**Aim of the exercise**
From the data that follows, set down exactly the lines from the one with "Bangstyle Hair, Hair" through the one with "The Mews - 1 Bed Holiday Home - Langland", counting both. Pictures stay out.

**Data to process**

────────────────

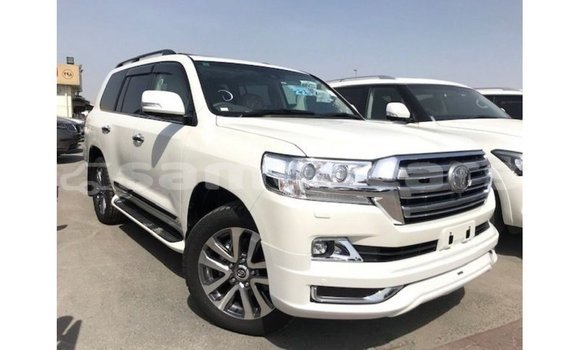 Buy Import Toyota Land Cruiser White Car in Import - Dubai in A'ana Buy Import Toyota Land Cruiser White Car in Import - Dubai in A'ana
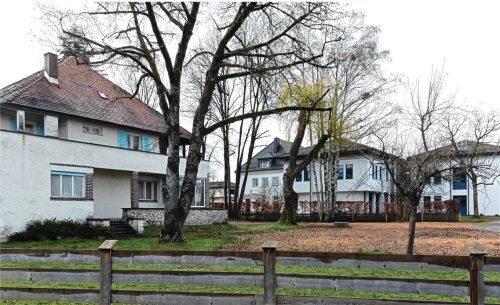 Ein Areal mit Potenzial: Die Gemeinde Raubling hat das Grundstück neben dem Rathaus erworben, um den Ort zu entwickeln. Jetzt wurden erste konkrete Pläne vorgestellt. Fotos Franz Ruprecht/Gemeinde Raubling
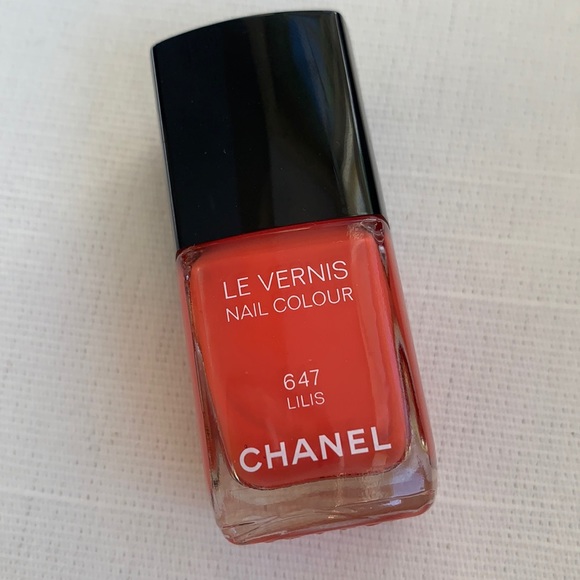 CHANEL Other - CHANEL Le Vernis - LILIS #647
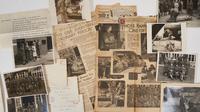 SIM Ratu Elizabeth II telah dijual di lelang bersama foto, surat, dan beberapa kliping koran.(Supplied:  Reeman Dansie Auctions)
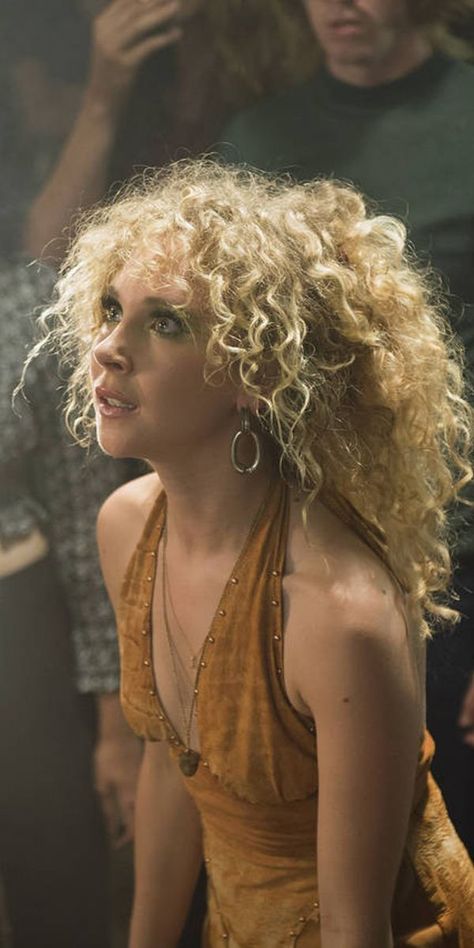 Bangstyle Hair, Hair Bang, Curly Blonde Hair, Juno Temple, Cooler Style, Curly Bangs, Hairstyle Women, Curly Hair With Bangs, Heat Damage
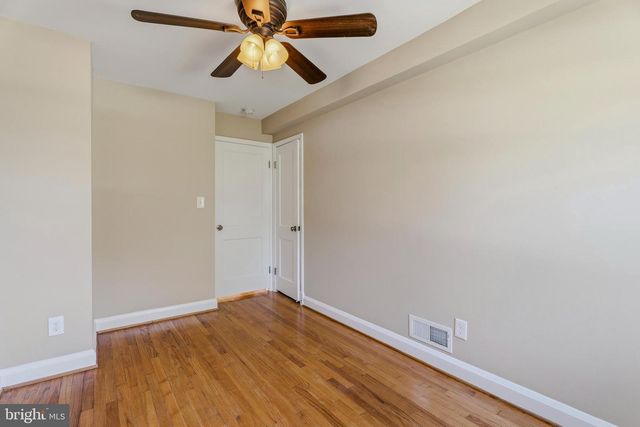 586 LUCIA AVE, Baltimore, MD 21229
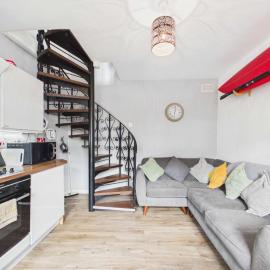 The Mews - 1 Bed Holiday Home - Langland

────────────────

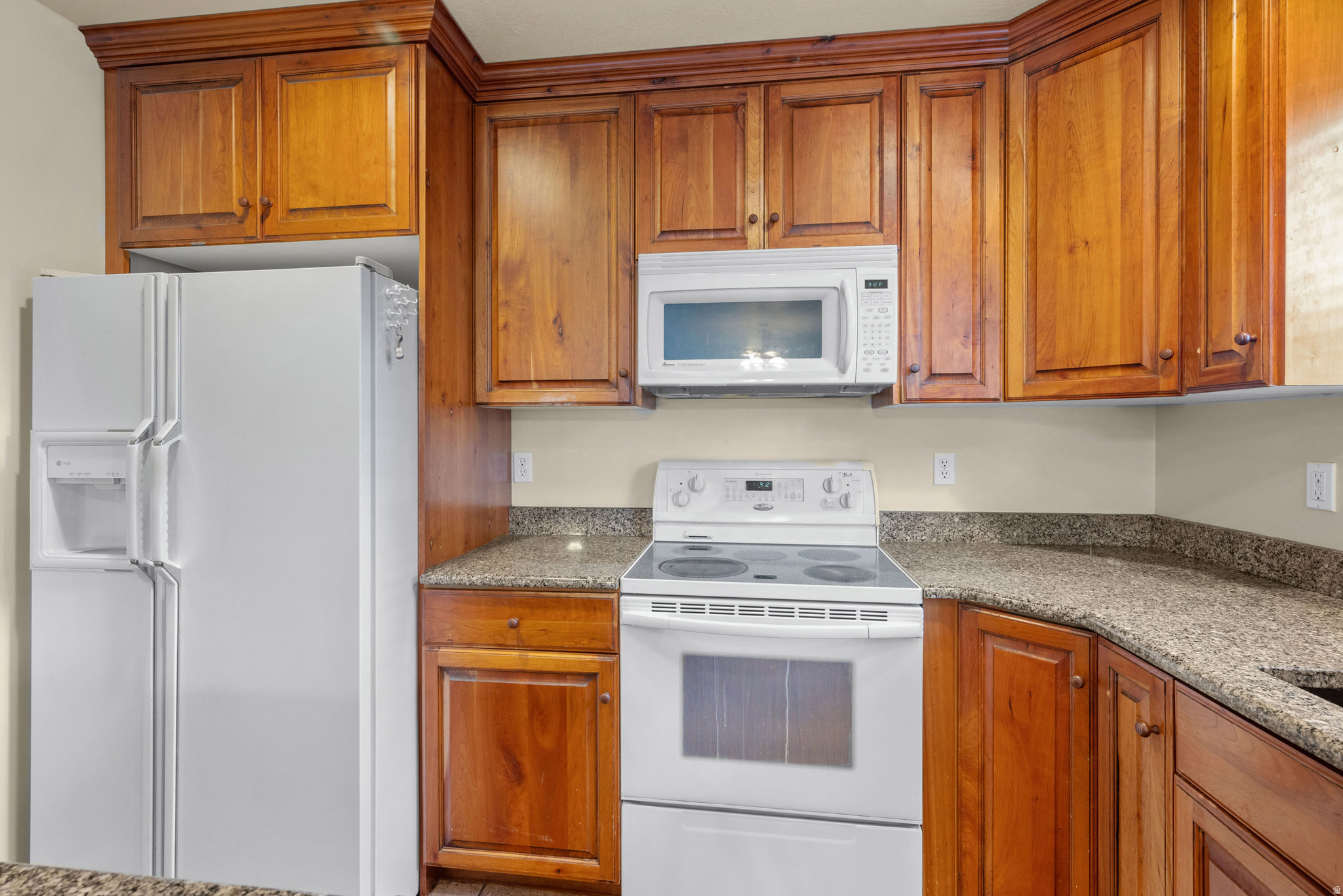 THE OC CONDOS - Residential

────────────────

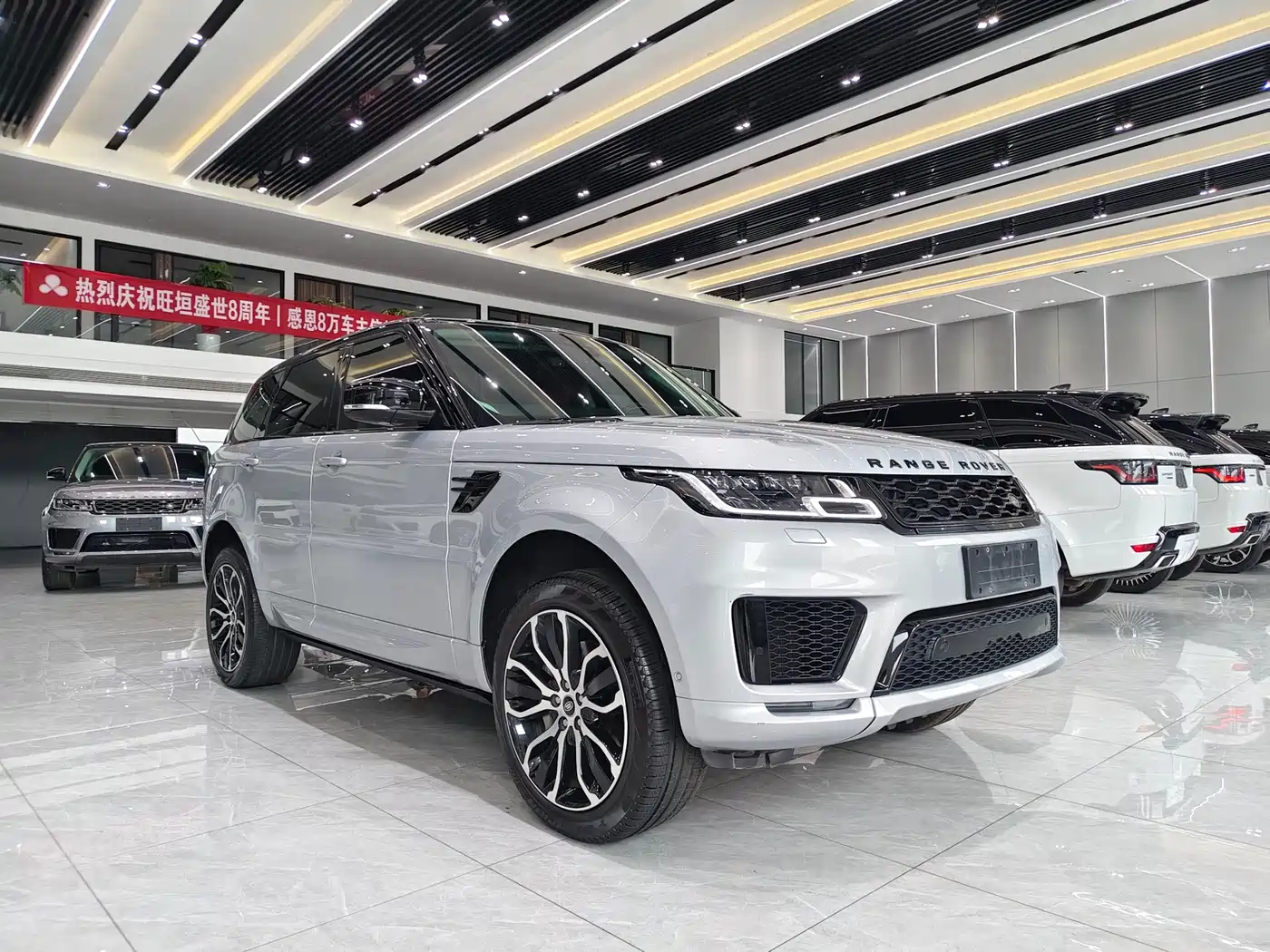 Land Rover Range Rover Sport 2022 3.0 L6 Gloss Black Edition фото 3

────────────────

**Response**
 Bangstyle Hair, Hair Bang, Curly Blonde Hair, Juno Temple, Cooler Style, Curly Bangs, Hairstyle Women, Curly Hair With Bangs, Heat Damage
 586 LUCIA AVE, Baltimore, MD 21229
 The Mews - 1 Bed Holiday Home - Langland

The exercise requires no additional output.